海馬組織からのニューロスフェアの形成と拡大

自己複製能力を持つ神経幹細胞と前駆細胞が豊富な脳組織である出生後のマウス海馬歯状回から始めます。

組織の細胞外マトリックスを解離させ、細胞を緩めるトリプシン酵素を追加します。

次に、酵素を取り除き、バッファーで組織を繰り返し洗浄します。

バッファーを成長因子が豊富なニューロン培地に交換します。

ピペットで組織を解離し、細胞を培地に放出します。

希釈した細胞懸濁液をコーティングされていないシャーレに播種し、インキュベートします。

幹細胞と前駆細胞は、栄養素と成長因子を利用して増殖します。

時間が経つにつれて、それらは自発的に凝集し、不均一な細胞集団を持つ一次神経圏と呼ばれる自由に浮遊する3次元構造を形成します。

これらの神経球を集め、上清を捨てます。神経球をニューロン培養培地に再懸濁し、単一細胞懸濁液に解離します。

これらの細胞をコーティングされていないシャーレで再培養して、比較的均質な細胞集団を持つ二次神経球を形成します。

SVZおよびDGサンプルを解離するには、HBSS中のトリプシン-EDTAの最終濃度5%から10%のトリプシン-EDTA 0.05%を各チューブに加え、摂氏37度で約15分間インキュベートします。

トリプシンの過剰使用やインキュベーション時間が長すぎると、細胞死が増加し、細胞増殖に悪影響を与える可能性があります。

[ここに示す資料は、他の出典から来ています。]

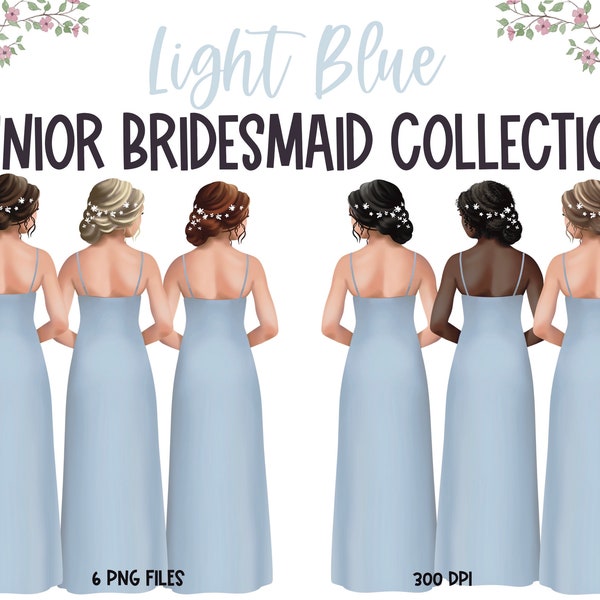 Light Blue Dress Junior Bridesmaid Clipart Bundle with 6 Hair and Skin Options, 300 dpi png files, instant download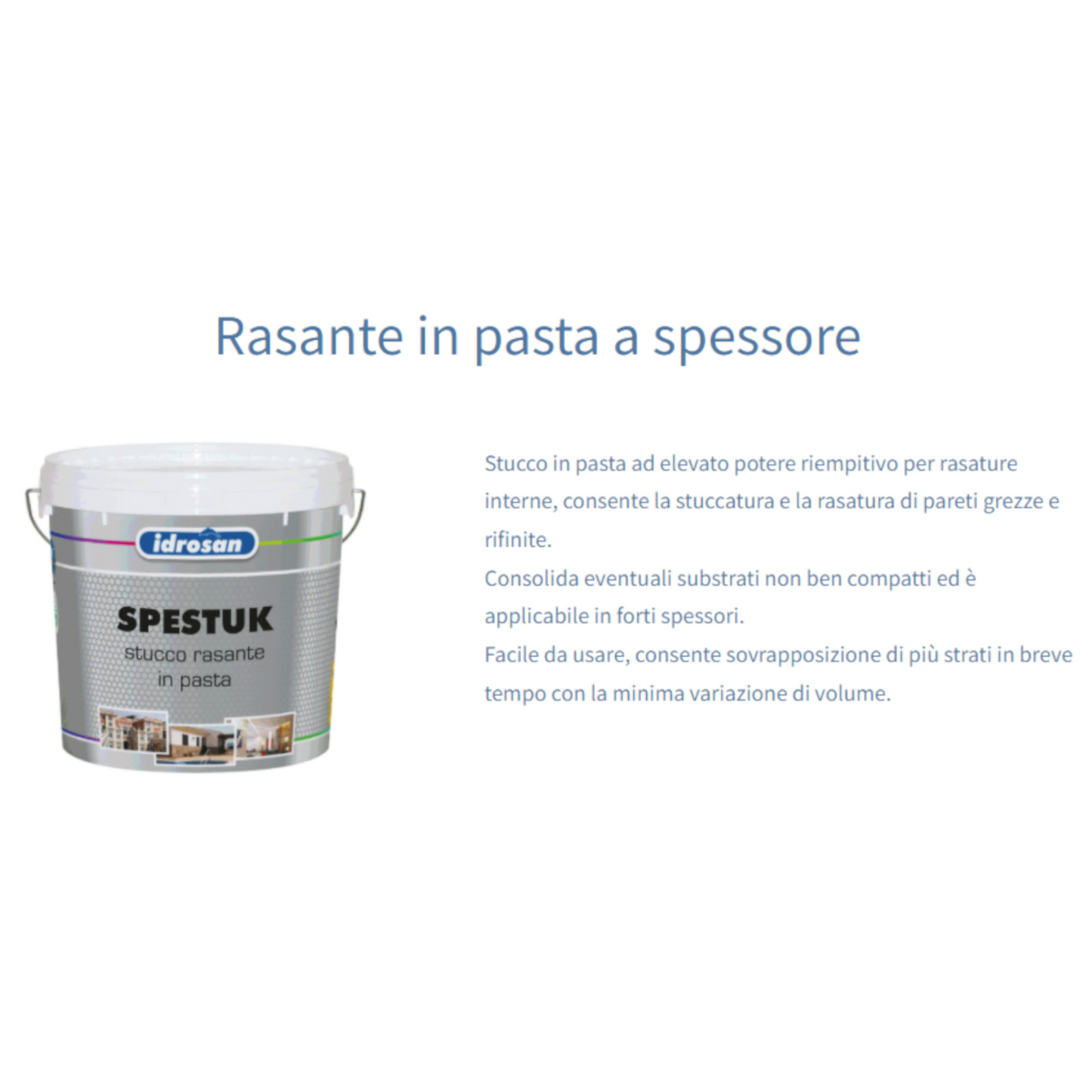 Stucco Bianco Opaco Alto Spessore Pronto Uso Per Interni 5 20 Kg Riempitivo I.D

そして、組織が凝集し、4回連続して洗浄する酵素溶液を、洗浄ごとに1ミリリットルの新鮮な補充されたHBSSに置き換えます。最後の洗浄後、消化した組織を1ミリリットルの無血清培地に再懸濁し、1ミリリットルあたり10ナノグラムの上皮成長因子、およびチューブあたり1ミリリットルあたり5ナノグラムの塩基性線維芽細胞成長因子を補充します。

次に、均質な細胞溶液が得られるまで、P1000ピペットで7〜10回穏やかなピペッティングで組織を機械的に解離します。SVZ細胞内の解離したDGの密度を決定するには、血球計算盤で各懸濁液中の細胞をカウントします。

細胞を神経球に増殖させるには、成長因子を添加した無血清培地で、個々の細胞集団を1ミリリットルあたり2 x 10⁴細胞密度で希釈し、5ミリリットルの細胞懸濁液をコーティングされていない直径60ミリメートルのペトリ皿に播種します。次に、SVZ細胞を摂氏37度で6〜8日間インキュベートし、DG細胞を摂氏37度で10〜12日間インキュベートして、一次神経球を形成します。

神経球の大部分の直径が150〜200マイクロメートルの場合、培養物から細胞懸濁液を採取し、遠心分離によって神経球を収集します。製造元の指示に従って、マウス化学解離キットで神経球ペレットを再懸濁します。

別の遠心分離で細胞を採取する前に、上清を成長因子を添加した1ミリリットルの無血清培地に置き換え、ペレットを約10回穏やかに粉砕します。

実証されているように解離した神経細胞を数え、成長因子を添加した無血清培地で、1ミリリットルあたり2 x 10⁴細胞密度で細胞を再播種し、新しい60ミリメートルのペトリ皿に入れます。次に、細胞を細胞培養インキュベーターに戻して、必要に応じてさらに6〜8日間、または必要に応じて10〜12日間戻して、二次神経球を取得します。